Bob Franken



It’s that time, kiddies! Now that Donald Trump has stumbled still again, many of us so-called experts will predict that his quest for the presidency and against everyone else will start to wither. Finally, we’ll declare, his improbable campaign of nasty put-downs and boastful superficiality will wear thin, that people who consider him to be funny and refreshing will start to decide that the joke is getting old and stale.

And stumble he did in the most recent debate, squirming as his opponents took the offense against his offensiveness. Carly Fiorina was the night’s big winner, if for no other reason than she showed stone-faced contempt when Trump was confronted with his comments in Rolling Stone magazine about her looks. He tried to worm his way out of that by stuttering that Fiorina has a beautiful face and is a beautiful woman, showing that he just doesn’t get it, that he should be running to be the leader of the Male Chauvinist Pigdom.

We should remember that each time he’s opened his mouth and spouted something that would turn most politicians into dust, Donald Trump has risen, not from the ashes, but in the polls.

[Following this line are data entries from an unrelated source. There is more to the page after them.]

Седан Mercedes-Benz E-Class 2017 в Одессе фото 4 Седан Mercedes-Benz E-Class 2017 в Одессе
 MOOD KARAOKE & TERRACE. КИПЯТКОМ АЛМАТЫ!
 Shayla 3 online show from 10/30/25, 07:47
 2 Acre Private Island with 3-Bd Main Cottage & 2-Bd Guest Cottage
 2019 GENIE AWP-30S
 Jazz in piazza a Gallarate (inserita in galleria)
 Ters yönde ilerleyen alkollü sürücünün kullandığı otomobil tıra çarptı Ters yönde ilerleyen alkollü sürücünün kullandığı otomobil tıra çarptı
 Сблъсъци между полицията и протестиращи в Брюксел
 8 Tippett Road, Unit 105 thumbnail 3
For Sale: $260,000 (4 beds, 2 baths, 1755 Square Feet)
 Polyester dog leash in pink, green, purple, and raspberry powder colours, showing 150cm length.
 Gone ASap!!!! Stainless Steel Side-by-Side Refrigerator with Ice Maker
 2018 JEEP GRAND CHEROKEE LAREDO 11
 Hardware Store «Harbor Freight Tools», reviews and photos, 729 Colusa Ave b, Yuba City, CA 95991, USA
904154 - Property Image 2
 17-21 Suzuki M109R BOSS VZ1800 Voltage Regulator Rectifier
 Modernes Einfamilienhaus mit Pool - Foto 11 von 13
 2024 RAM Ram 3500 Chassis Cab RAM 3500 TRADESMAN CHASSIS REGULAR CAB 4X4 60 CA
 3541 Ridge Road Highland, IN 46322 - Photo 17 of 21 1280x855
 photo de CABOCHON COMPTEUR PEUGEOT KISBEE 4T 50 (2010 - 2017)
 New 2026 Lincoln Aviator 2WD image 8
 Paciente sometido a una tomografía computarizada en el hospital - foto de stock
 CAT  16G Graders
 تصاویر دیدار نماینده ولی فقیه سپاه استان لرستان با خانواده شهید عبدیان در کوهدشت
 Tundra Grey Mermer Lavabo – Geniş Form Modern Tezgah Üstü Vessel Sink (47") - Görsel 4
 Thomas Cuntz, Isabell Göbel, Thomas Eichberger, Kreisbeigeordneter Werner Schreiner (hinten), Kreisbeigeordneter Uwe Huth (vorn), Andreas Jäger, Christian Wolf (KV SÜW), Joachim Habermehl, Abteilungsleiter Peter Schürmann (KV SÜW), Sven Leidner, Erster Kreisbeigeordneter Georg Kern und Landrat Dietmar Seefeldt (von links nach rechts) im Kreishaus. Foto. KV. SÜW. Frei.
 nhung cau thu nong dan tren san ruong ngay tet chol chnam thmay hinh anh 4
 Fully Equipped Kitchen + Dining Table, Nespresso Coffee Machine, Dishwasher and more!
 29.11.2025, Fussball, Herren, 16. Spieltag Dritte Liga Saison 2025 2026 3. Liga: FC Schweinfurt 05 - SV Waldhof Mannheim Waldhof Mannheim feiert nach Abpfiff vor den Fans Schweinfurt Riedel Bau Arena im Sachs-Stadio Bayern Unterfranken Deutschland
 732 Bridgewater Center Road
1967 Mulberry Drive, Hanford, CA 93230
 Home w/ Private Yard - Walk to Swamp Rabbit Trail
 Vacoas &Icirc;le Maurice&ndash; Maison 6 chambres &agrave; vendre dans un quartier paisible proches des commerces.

So let’s not get carried away with our speculation about his demise.

Actually, the other candidates better hope he doesn’t flame out. Without The Donald, people instead might focus on them. It’s not only Fiorina who can look good by comparison. Simply by discovering his inner anger at Trump, Jeb Bush was able to appear to not be such a wimp. In the case of Chris Christie, no longer is he the nastiest guy in the room; it’s Trump who gets the Mr. Non-Congeniality award. On down the line, even the most extreme in this group are overshadowed by the DT rants. Ben Carson gets to come across as Dr. Common Sense, even though many of his views would be considered downright wacko if anyone was really paying attention. Ditto Ted Cruz, Rand Paul and Mike Huckabee, although in Huckabee’s case, he has still managed to stand out as the voice of religious intolerance and amazing ignorance about how the American system of government works.

Even the Democrats need Trump as a foil, particularly Hillary Clinton, with all her travails. On the night of the GOP debate, she appeared on another comedy telecast, “The Tonight Show.” She pulled off a funny skit in real style, actually looking loose as she was interviewed by “Donald Trump,” played by host Jimmy Fallon. She even allowed Fallon to pull on her hair, another reference to El Trumpo, which probably was welcome to her campaign aides, since they’ve been pulling their hair out about the email scandal that won’t go away and her dwindling poll numbers.

But it was CNN that won the night. Instead of its usual ” All Trump All the Time” programming (did I mention that the news networks also need him?), CNN managed to sustain three hours of debate — four and a half if you count the JV one — although by the end, the candidates were looking like they were running out of steam.

Many of the critics said it was too long. But 22 million people watched that marathon, and finally, it sputtered to its merciful end, when each of the candidates was asked to suggest his or her preferred Secret Service handle if elected president. Jeb Bush came up with “Eveready,” because, he exclaimed, it’s high-energy, as opposed to Trump’s description of him. Fiorina chose “Secretariat.” Sure, why not? Scott Walker went with “Harley,” perhaps because it’s the motorcycle he’ll ride out on if his campaign continues to fade, and Trump, wait for it, selected “Humble.”

Normally, that would be considered a joke, except he was somewhat humbled at the debate. Now we’ll have to see if that makes any difference.

Next up, the Democrats share the stage. Suddenly, there’s a reason to watch as Hillary tangles with the surging Bernie Sanders. But when it comes to showmanship, they can’t match the Republicans. No Donald Trump.